Mit einem wissenden Gesicht lehnte sich Pater Anselm zurück und sagte lediglich: »Die Wege Gottes sind unergründlich.«
Arigund blieb nichts anderes übrig, als zu nicken. Sie würde schon noch herausbekommen, wer diese Sache gedeichselt hatte. Doch zunächst räumten die Mägde die leer gefegten Platten ab. Man schaffte Platz für Gaukler, Jongleure und Spielleute. Danach gaben die anwesenden Minnesänger ihr Können zum Besten, und schließlich spielten die Musikanten zu einem lustigen Schreittanz auf. Soweit die Ritter dazu noch in der Lage waren, führten sie ihre Damen zur Tanzfläche. Auch der Graf reihte sich mit Berta ein. Kaum dass Wirtho dies sah, packte er auch schon seine Tischnachbarin rüde am Arm und zerrte sie nach vorne. Frau Kunigund runzelte die Stirn, und selbst ihr Gatte beobachtete seinen Erstgeborenen mit verkniffenem Mund.
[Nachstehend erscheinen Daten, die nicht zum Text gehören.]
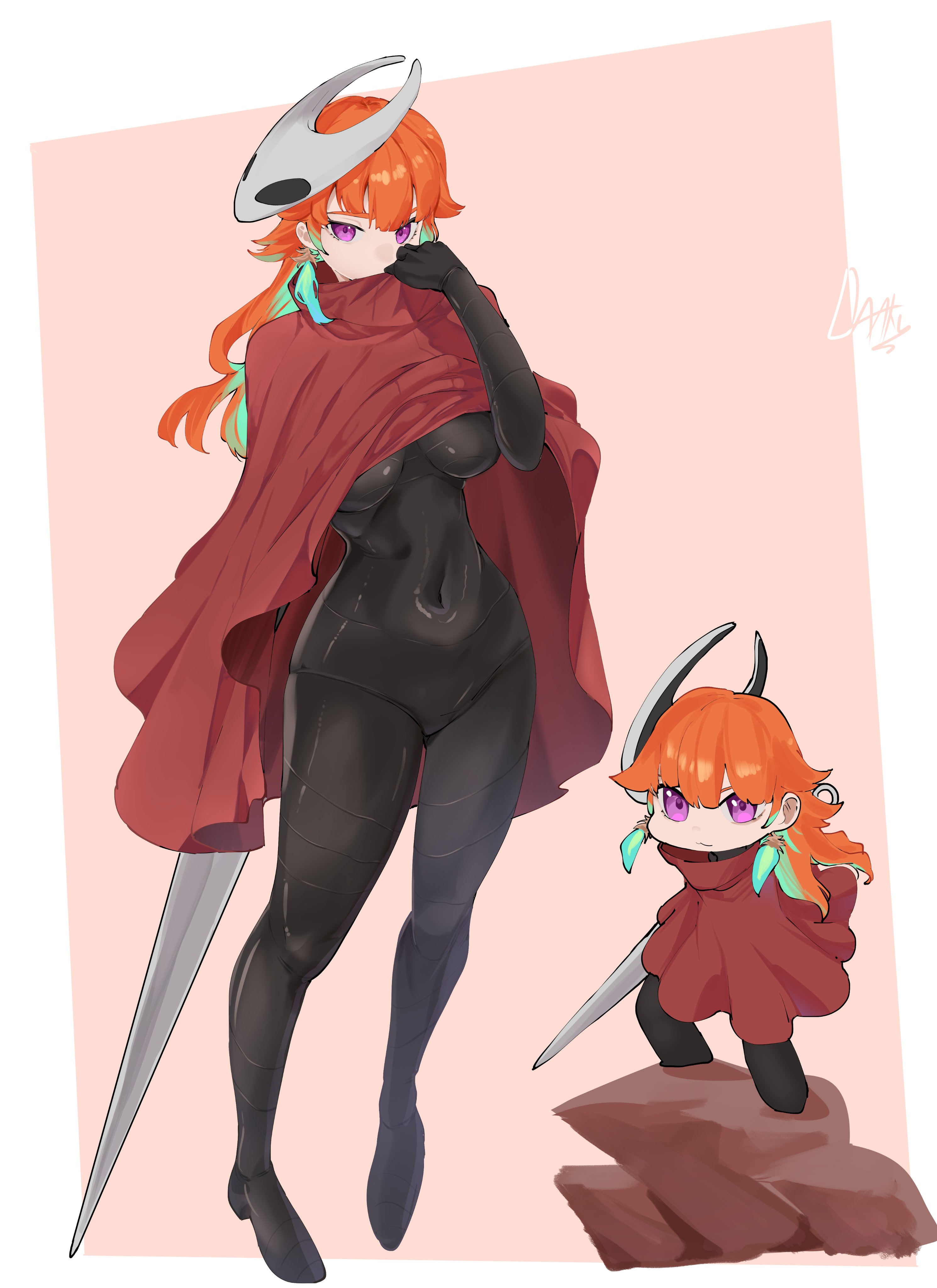 daaku (koizumi arata), hornet (hollow knight), takanashi kiara, hollow knight: silksong, hololive, hololive english, absurdres, highres, 1girl, alternate costume, breasts, chibi, cloak, cosplay, covered navel, earrings, feather earrings, feathers, green hair, holding, holding weapon, horned mask, hornet (hollow knight) (cosplay), jewelry, large breasts, long hair, mask, multicolored hair, needle (hollow knight), orange hair, purple eyes, red cloak, simple background, skin tight, solo, two-tone hair, virtual youtuber, weapon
Höflich führte er seine Gattin zur der mit Binsen bestreuten Fläche. Während des ganzen Tanzes versuchte Wirtho, durch den übermäßigen Alkoholgenuss schon leicht schwankend, in Bertas Nähe zu kommen, was sein Vater jedoch erfolgreich verhinderte. Doch kaum hatten die Musikanten ihre Instrumente aus der Hand gelegt, stürmte der junge Ritter in Richtung seiner Angebeteten. Sein Kopf war purpurrot, die Haare standen ihm zu allen Seiten ab. Reimar von Brennberg versuchte, seinen Sohn festzuhalten, doch der gebärdete sich wie ein Stier und drängte ungestüm auf Berta zu. Der Graf trat überrascht vor seine Tischdame. »Ihr wünscht, Herr Ritter?«, fragte er barsch.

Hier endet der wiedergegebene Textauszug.